Oct 2017: “Towards 2020: Developing Leaders with Purpose, Power and Presence” (Petroleum Development Oman).

On 31st October 2017, House of Beaufort was delighted to deliver an interactive leadership seminar, for the Finance Directorate, Petroleum Development Oman within the context of its mission to become a world-class entity by 2020.

Our seminar provided a confidential forum for questions and answers that were posed to distinguished Omani luminaries, while also giving delegates the opportunity to participate in stimulating break-out group discussions. These were centred around themes that reflected the panel discussion and proved very popular with the delegates!
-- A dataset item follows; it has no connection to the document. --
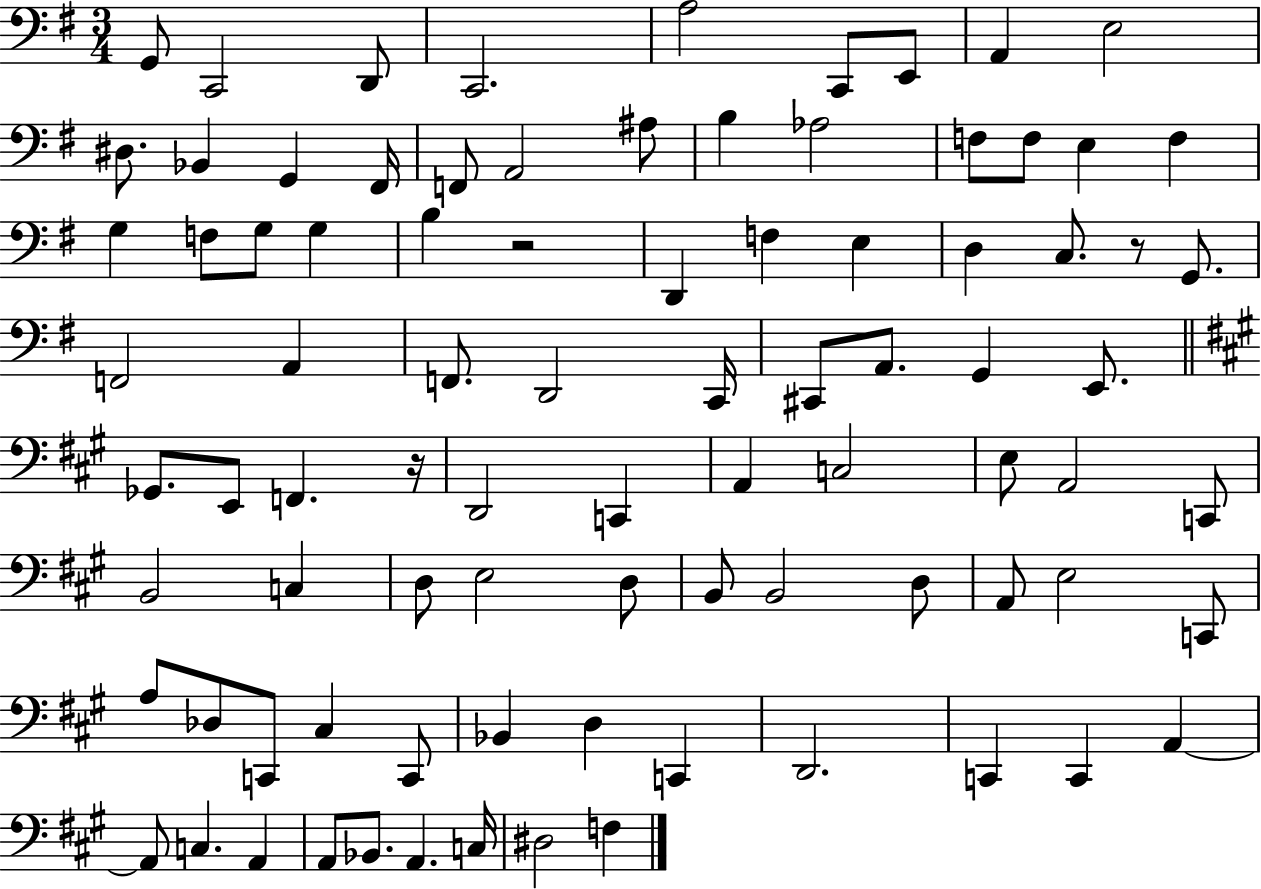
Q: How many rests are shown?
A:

Working in collaboration with the FD People Capability Division, Dr Susan Laverick (House of Beaufort) was pleased to steer a discussion around topics that we have previously addressed at global conferences from New York to London.

These included: –

  • The impact of issues of self-belief and confidence on career development;
  • Specific strategies that they had implemented to deal with career obstacles;
  • The importance of career mentors or sponsors; and
  • The impact of the “double burden”, as identified in the 2014 McKinsey Report “GCC Women in Leadership”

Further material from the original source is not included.